The third tutorial is time series focused. The questions we use for this tutorial are based on a time series dataset depicting the total number of female births recording in California, USA during the year of 1959. This is a basic time series dataset, with only the date ("dd/mm/yyyy" format), and the number of births. There are 365 records in total.

The data set can be found here.

Note: At PandasZoo we use single quotes for our answers.

This is a sample of what the data set looks like:

Date Births
0 1959-01-01 35
1 1959-01-02 32
2 1959-01-03 30
3 1959-01-04 31
4 1959-01-05 44

## Question 1

Import the Pandas module.

Hint: We put in an example answer that you should try typing in.

## Question 2

Read in the daily births data set.

Assume I already ran the following code:

` url = 'https://raw.githubusercontent.com/jbrownlee/Datasets/master/daily-total-female-births.csv' `

When you read in the dataframe, call it df. Use the url object that was already created.
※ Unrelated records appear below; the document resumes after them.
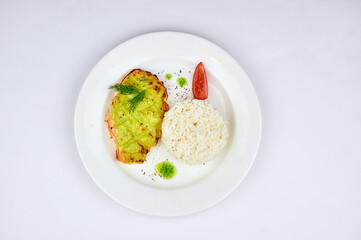 White plate with rice and and fish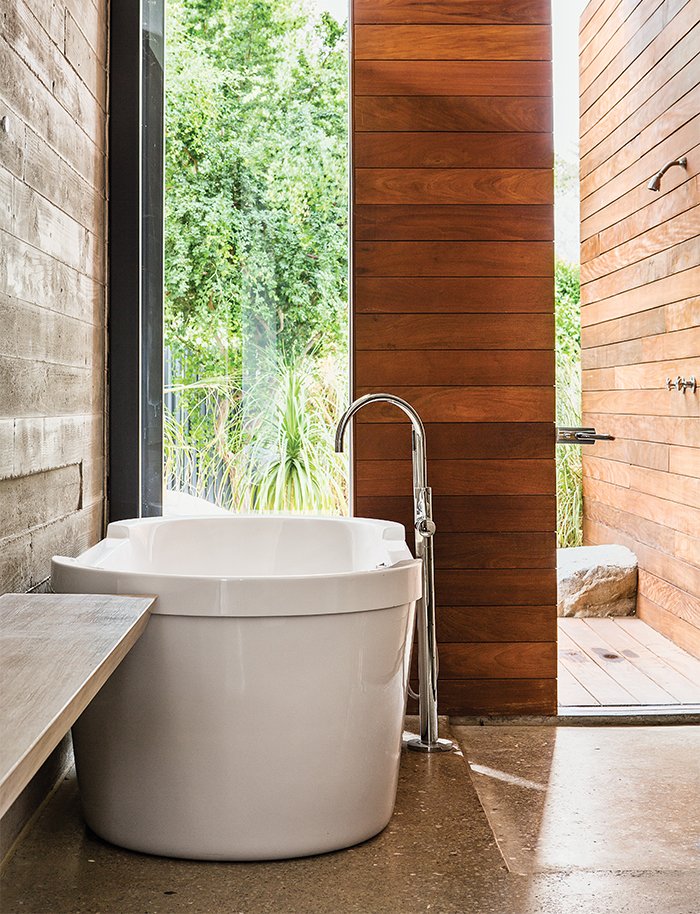 40 Modern Bathtubs That Soak In the View In the master bath, a Dornbracht tub filler is paired with a tub by Philippe Starck for Duravit.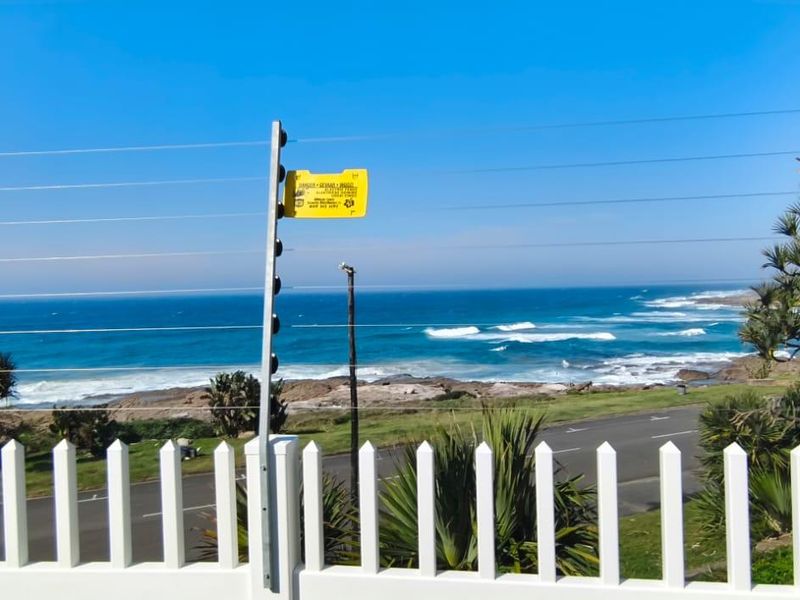 A scenic coastal view overlooking the ocean and shoreline, framed by a white picket fence and security electric fencing.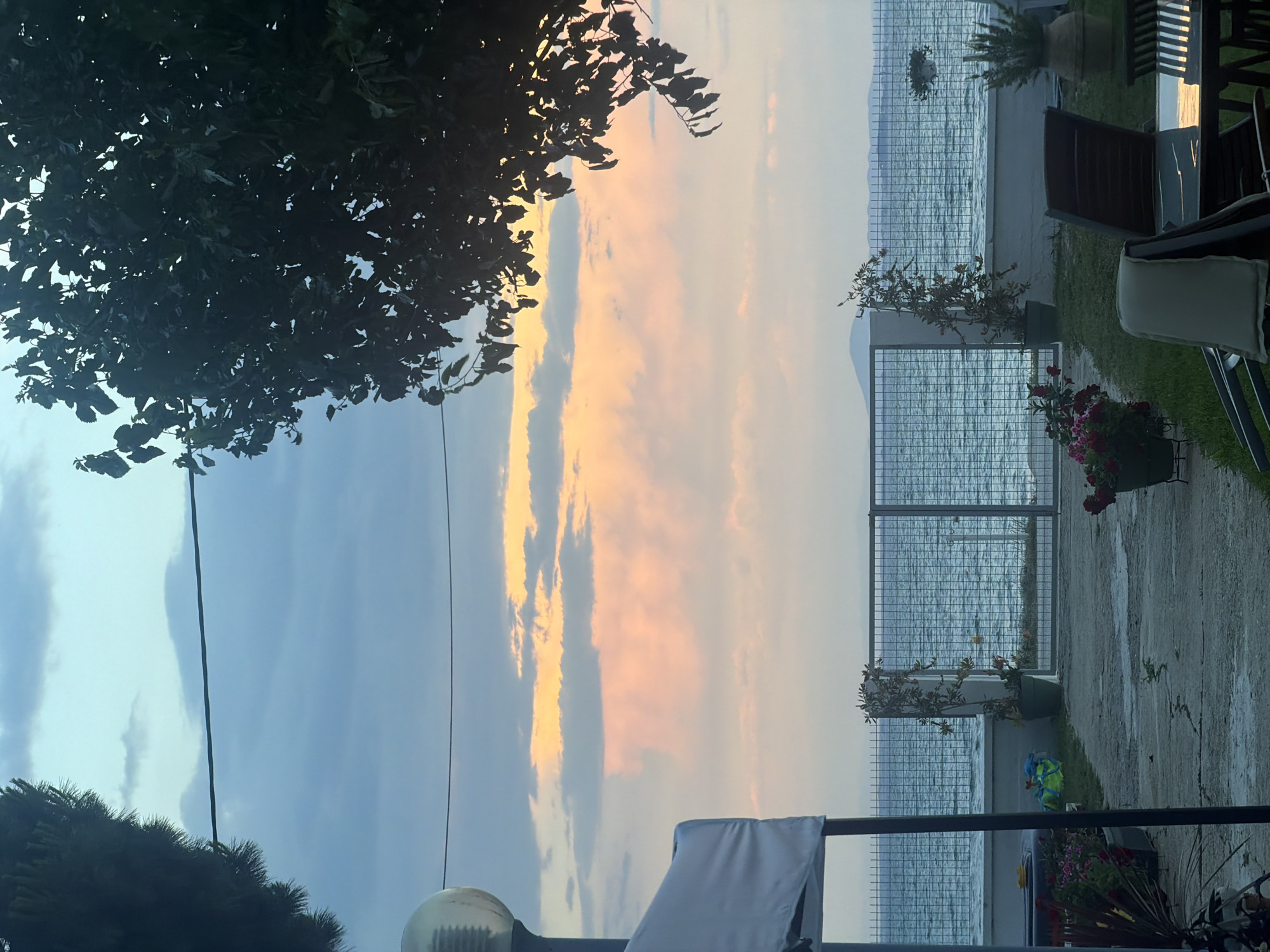 The image depicts an outdoor scene with a view of the sea at sunset. In the foreground, there is a paved area with some potted plants and outdoor furniture, including chairs and a table. A white canopy structure is partially visible on the left. A metal fence separates the property from the sea. The sea itself appears calm with gentle waves.
In the background, the sky is filled with dramatic clouds illuminated by the setting sun, casting hues of orange, pink, and yellow. A distant landmass or island is visible on the horizon. The overall atmosphere suggests a tranquil evening by the coast.
The image does not provide specific details about the city of Mandra, Greece, beyond its geographical context as a coastal location. There are no people present in the image. The scene is static and serene.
Hint: We refer to Pandas as pd. You can find official documentation for read_csv here

Hint #2: Make sure to include the following in your read_csv function:

` error_bad_lines=False `

## Question 3

Use the head function to look at the df DataFrame.

## Question 4

Plot the 'Births' column from the df DataFrame.

## Question 5

See what the index looks like for df

## Question 6

Plot the range 0:30 for 'Births' in the df DataFrame. In other words, plot the first 31 entries for the 'Birth' column.

## Question 7

Let's plot the rolling mean of 'Births' using the rolling function.

Hint: Use a minimum of 10 periods, a window of 60 and set center to false.

## Question 8

Let's plot the rolling standard deviation of 'Births' using the rolling function.
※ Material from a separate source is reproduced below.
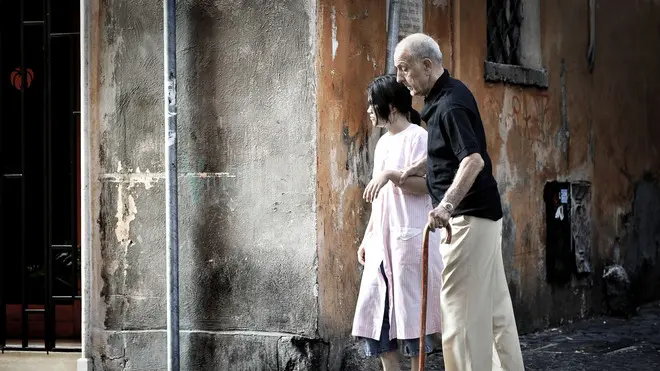 Una badante straniera accompagna un anziano signore per le vie del centro di Roma,in una foto del 2 settembre 2009. . I costi dell'assistenza ai disabili pesano sempre di piu' sulle loro famiglie. E in tempo di crisi i parenti studiano strategie di ''arrangiamento organizzato'' che passano anche attraverso il volontariato, prima di rivolgersi al settore privato o alle badanti. E' quanto emerge dal 44mo.Rapporto annuale del Censis sulla situazione sociale del Paese, che ha stimato in oltre 56mila euro, il costo di un malato di Alzheimer all'anno. Cifra che scende a 11.250 euro/anno per un paziente con artrite reumatoide e circa 15mila euro per i malati di insufficienza renale cronica in dialisi. ANSA/ GUIDO MONTANI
Hint: Use a minimum of 10 periods, a window of 60 and set center to false.

## Question 9

Let's create a column called 'birthday' using an IF statement. When the date July 2nd 1959, make the 'birthday' column 'TRUE'.

Hint: A good website on IF statements using Pandas can be found here

Hint: This requires two lines, make the first one the 'TRUE' part of the statement.

## Question 10

Let's complete the 'birthday' column using an IF statement. When the date is not July 2nd 1959, make the 'birthday' column 'FALSE'.

Hint: A good website on IF statements using Pandas can be found here

Hint: This requires two lines, make the second one is the 'FALSE' part of the statement.

## Question 11

Let's randomly sample 50 rows from df and call it dfb.

## Question 12

Let's pull the 10 days with the largest number of births from df.

## Question 13

Use the pivot function to have a column for every date. Let 'birthday' be the index and 'Births' be the value.